[PATCH v2 3/3] LoongArch: SMP: Implement parallel CPU bring up

From: Jiaxun Yang
Date: Mon Jul 15 2024 - 09:36:20 EST


Implement parallel CPU bring up for LoongArch to reduce
boot time consumption on bring up CPUs.

On my Loongson-3A5000 ~120ms boot time improvement is observed.

tp, sp register values are passed by MBUF now to avoid racing
cpuboot_data global struct.

cpu_running completion is handled by HOTPLUG_CORE_SYNC_FULL.

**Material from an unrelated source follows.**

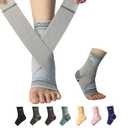 ABIRAM Ankle Brace, Ankle Compression Sleeve for Sprained Foot, Foot Sleeve (1 Pair) with Wrap, Ankle Support, Plantar Fasciitis Relief Socks, Achilles Tendonitis, Women & Men (Large, Gray)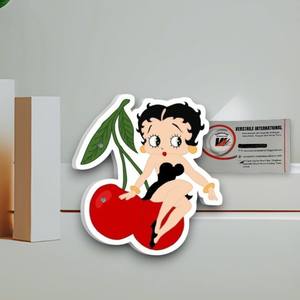 Placas Magnéticas Acrílicas Ecológicas para Extensiones de Pestañas con Diseño de Corazón de Betty Boop y Hello Kitty, Color Rojo Intenso - Product Image 1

Signed-off-by: Jiaxun Yang <jiaxun.yang@xxxxxxxxxxx>
---
arch/loongarch/Kconfig | 1 +
arch/loongarch/include/asm/smp.h | 6 ------
arch/loongarch/kernel/asm-offsets.c | 10 ----------
arch/loongarch/kernel/head.S | 7 ++++---
arch/loongarch/kernel/smp.c | 35 +++++++----------------------------
5 files changed, 12 insertions(+), 47 deletions(-)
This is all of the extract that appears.